ḤAMDĀNIDI
. Dinastia musulmana con tendenze sciite, che nel sec. IV dell'ègira (X d. C.) ebbe un breve ma brillante dominio in Mesopotamia e in Siria. Nel 292 èg. (904 d. C.), un Abū'l-Ḥaigiā' figlio di Ḥamdān, della tribù araba dei Banū Taghlib, fu dal califfo ‛abbāside al-Muktafī nominato governatore di Mossul e del territorio relativo. Un suo figlio, al-Ḥasan, col titolo onorifico di Nāṣir ad-dawlah (morto nel 358 èg., 968 d. C.) regnò come sovrano praticamente indipendente ed estese il suo potere su buona parte della Mesopotamia (Diyār Rabī‛ah, Diyār Muḍar); ma la figura più nota è il fratello minore di al-Ḥasan, ‛Alī detto Saif ad-dawlah, morto nel 356 èg. (967 d. C.), che nel 944 conquistò Aleppo agl'Ikhshīditi, facendone sua capitale dei dominî della Siria settentrionale, donde per più anni condusse con alterna vicenda sanguinose guerre contro i Bizantini. La corte ḥamdānide di Aleppo fu nel sec. X vivo centro di cultura e poesia (valente poeta fu anche il cavalleresco cugino di Saif ad-dawlah, Abū Firās). Ma con i discendenti di Saif ad-dawlah, Sa‛d ad-dawlah e Sa‛īd ad-dawlah, la potenza della dinastia declinò; i territorî del ramo siriano furono attorno al 1000 conquistati dai Fāṭimidi di Egitto, quelli del ramo mesopotamico dai Buwayhidi di Baghdād.

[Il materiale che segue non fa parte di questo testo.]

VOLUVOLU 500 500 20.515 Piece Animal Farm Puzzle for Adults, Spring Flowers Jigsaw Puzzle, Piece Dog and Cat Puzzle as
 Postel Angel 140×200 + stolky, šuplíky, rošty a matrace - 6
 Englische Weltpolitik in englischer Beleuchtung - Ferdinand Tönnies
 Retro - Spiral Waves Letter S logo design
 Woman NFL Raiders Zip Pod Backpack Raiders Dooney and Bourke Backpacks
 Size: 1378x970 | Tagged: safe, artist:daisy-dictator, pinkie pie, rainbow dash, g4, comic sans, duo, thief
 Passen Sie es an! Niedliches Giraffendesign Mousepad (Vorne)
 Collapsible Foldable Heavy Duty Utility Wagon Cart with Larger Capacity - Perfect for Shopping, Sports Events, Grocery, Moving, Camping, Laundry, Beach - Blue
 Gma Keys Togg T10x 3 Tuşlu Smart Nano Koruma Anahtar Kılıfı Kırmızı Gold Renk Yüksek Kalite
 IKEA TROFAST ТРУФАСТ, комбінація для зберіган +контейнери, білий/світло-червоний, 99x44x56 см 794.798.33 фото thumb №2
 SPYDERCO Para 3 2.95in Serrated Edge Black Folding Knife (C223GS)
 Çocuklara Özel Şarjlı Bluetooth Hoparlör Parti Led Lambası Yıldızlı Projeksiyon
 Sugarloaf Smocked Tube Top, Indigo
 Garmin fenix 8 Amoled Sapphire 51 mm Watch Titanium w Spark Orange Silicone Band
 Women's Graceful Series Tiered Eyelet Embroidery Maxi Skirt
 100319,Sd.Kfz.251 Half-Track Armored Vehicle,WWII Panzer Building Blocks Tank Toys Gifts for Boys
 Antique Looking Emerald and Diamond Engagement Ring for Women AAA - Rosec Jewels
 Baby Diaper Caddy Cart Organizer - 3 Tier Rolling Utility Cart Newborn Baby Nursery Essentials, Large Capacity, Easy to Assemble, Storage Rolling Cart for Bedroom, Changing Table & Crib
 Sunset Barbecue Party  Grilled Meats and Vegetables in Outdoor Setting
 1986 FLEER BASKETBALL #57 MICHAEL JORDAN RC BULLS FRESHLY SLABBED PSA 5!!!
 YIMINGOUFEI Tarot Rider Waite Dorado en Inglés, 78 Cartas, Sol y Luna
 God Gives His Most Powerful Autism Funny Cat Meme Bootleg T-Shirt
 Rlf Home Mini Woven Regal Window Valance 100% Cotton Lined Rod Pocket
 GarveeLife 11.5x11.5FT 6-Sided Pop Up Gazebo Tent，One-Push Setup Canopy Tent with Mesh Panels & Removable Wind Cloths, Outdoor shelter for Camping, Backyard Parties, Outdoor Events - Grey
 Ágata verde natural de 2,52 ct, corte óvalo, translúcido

Bibl.: G. W. Freytag, Gesch. der Hamdaniden, in Zeitschr. d. deutschen morgenl. Gesellschaft, X (1836), pp. 432-09; XI (1857), pp. 177-252; M. Badruddin, Sayf addawlah and his time, Lahore 1931; E. de Zambaur, Manuel de généalogie et de chronologie pour l'hist. de l'Islam, Hannover 1927, p. 133.